As far as money transactions go, cash is king and you should arrive in Cuba with enough to last for the duration of your trip. Changing currency will incur a 10% commission. The best currencies to carry are euros, Canadian dollars or pound sterling; the worst is US dollars and - despite the prices you might see posted up in bank windows - the commission you’ll get charged is a whopping 20% (the normal 10% commission plus an extra 10% penalty).
Cadecas (change booths) in every city and town sell Cuban pesos, and travelers are perfectly within their rights to buy them; you won’t need more than CUC$10 worth of pesos a week. There is almost always a cadeca at the local agropecuario (free-enterprise vegetable market). However, most peso shops, restaurants, and buses will also accept the equivalent convertible payment.
You can’t take more than CUC$200 out of Cuba. Travelers attempting to smuggle out more are liable to have the money confiscated by customs with no compensation.
Although there are numerous ATMs springing up around Habana, at the time of research, none of them were accepting foreign debit cards. Unless you want to risk losing your card, don’t attempt to use the machines.
The following is a list of useful banks and kiosks for changing money.
Banco de Crédito y Comercio (Línea No 705, Vedado)
Banco de Crédito y Comercio(Airlines Bldg, Calle 23 No 64, Vedado)
Banco de Crédito y Comercio (Av Independencia No 101, Vedado)
Banco Financiero Internacional (cnr Oficios & Brasil, Habana Vieja)
Banco Financiero Internacional (cnr Av 5 & Calle 92, Playa)
Banco Metropolitano (cnr Av de Italia & San Martin, Centro Habana)
Banco Metropolitano (cnr Línea & Calle M, Vedado)
Cadeca (cnr Oficios & Lamparilla, Habana Vieja)
Cadeca (Calle 23 btwn Calles K & L, Vedado)
Cadeca (cnr Calles 19 & A, Vedado)
Cadeca (cnr Paseo Panamericano & 5D, Cojímar)
Cambio (Obispo No 257; Habana Vieja; 8am-10pm)
Money-changing kiosk (Hotel Habana Libre, cnr Calles L & 23, Vedado)
Money-changing kiosk (Hotel Nacional, cnr Calles O & 21, Vedado)
Money-changing kiosk (Hotel NH Parque Central, Neptuno btwn Paseo de Martí & Agramonte, Centro Habana)
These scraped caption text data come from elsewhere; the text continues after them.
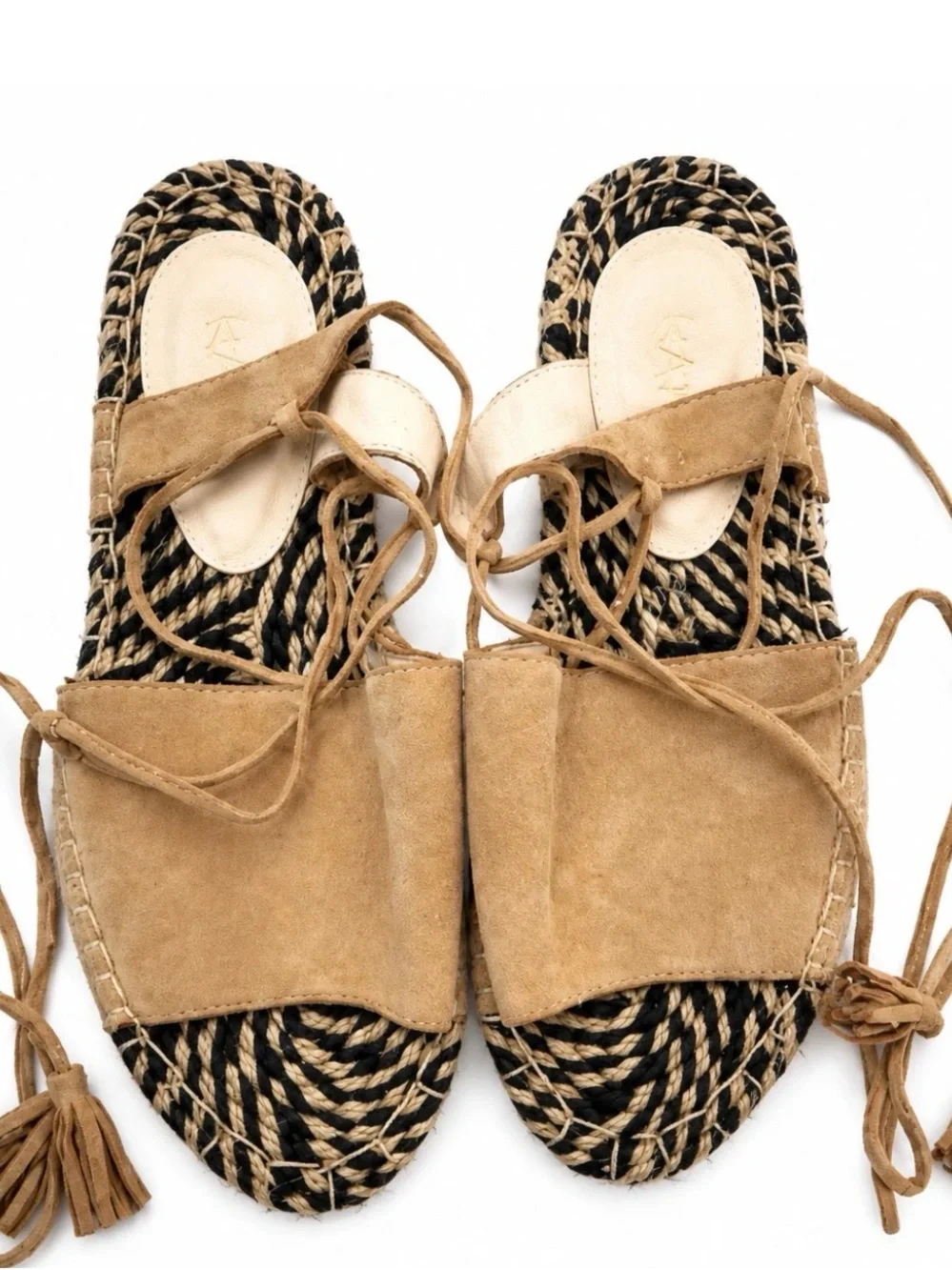 Anthropologie Espadrille Wrap Sandals Boho Womens Size 10 Tan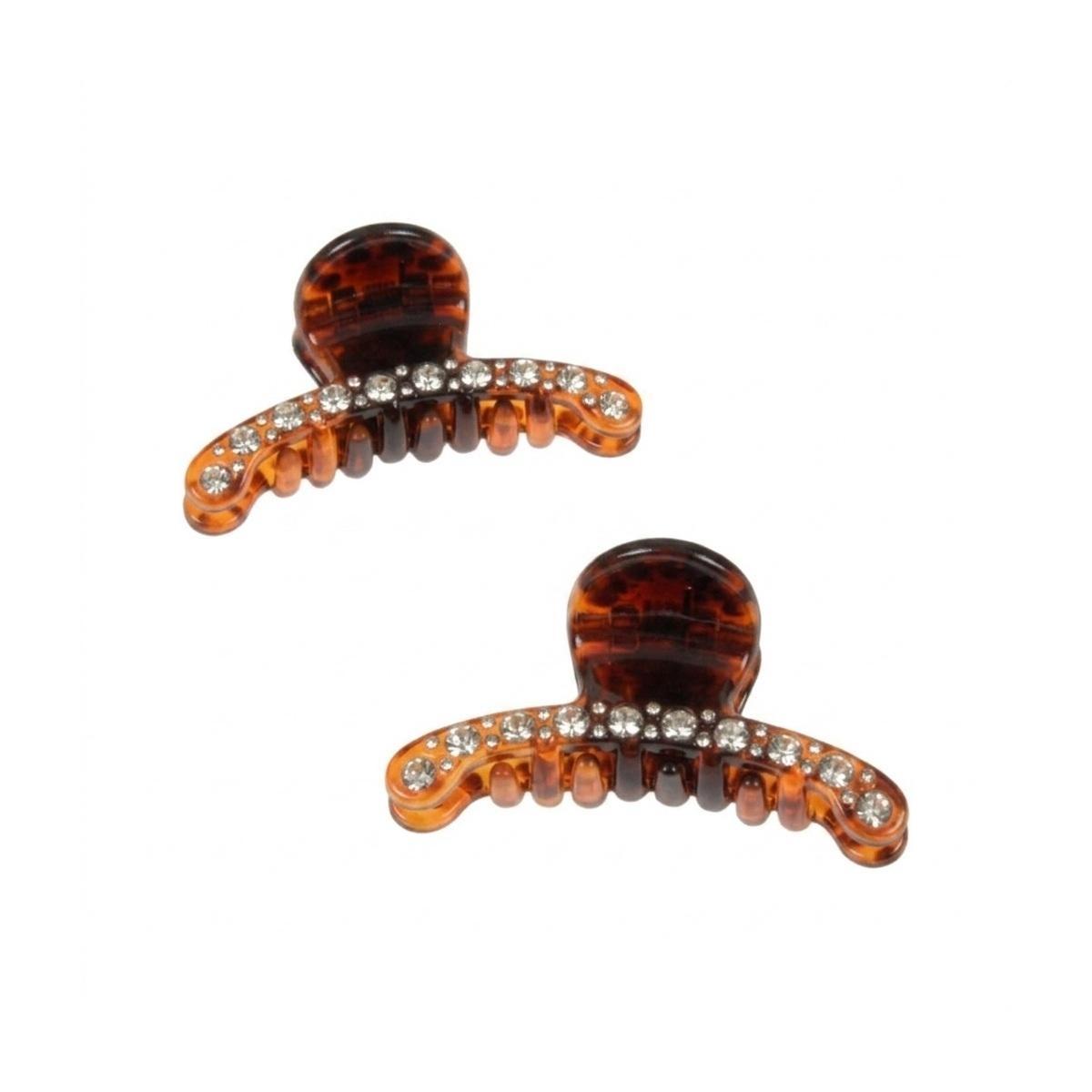Pinza per capelli piccola tartarugata con strass 2 pezzi Romeo Gigli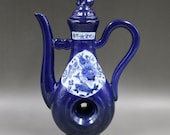 Fine Old Chinese Antique Ming Dynasty 大明宣德 Blue Glazed Porcelain Fish Teapot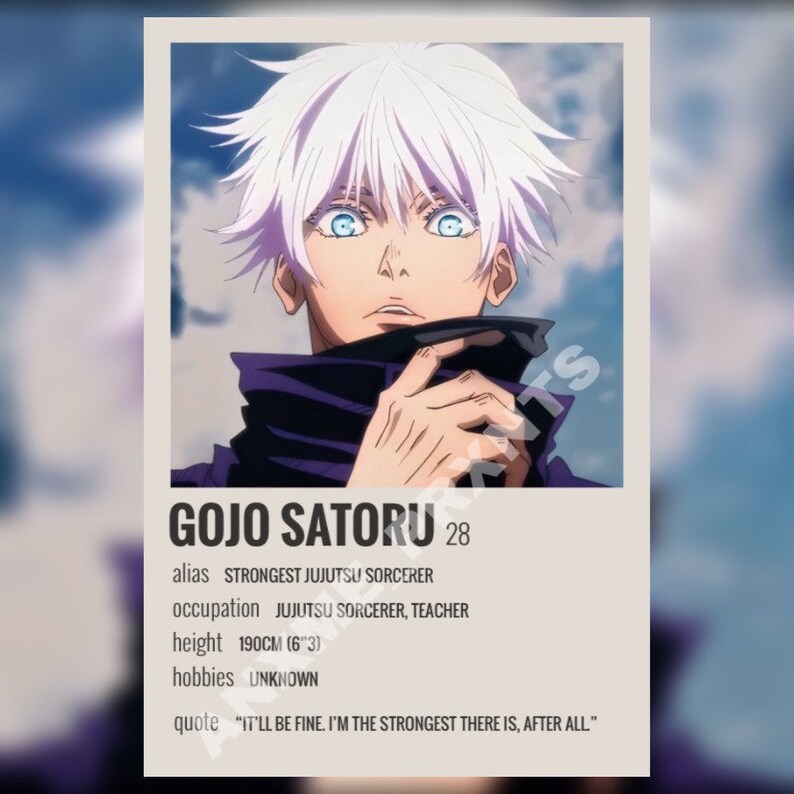 Jujutsu Kaisen: Gojo Satoru anime character profile minimalist p Jujutsu Kaisen: Gojo Satoru anime character profile minimalist p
Money-changing kiosk (Hotel Sevilla, Trocadero No 55 btwn Paseo de Martí & Agramonte, Centro Habana)
Credit cards are liable for an 11.25% commission and thus are normally demoted to the emergencies-only bracket. Some of the better hotels will accept credit cards, and you can draw money on them from most banks, but the commission’s always the same.
Traveler’s checks in currencies other than US dollars can be exchanged in some banks, but it’s a hassle and the commission runs between 4% and 6%.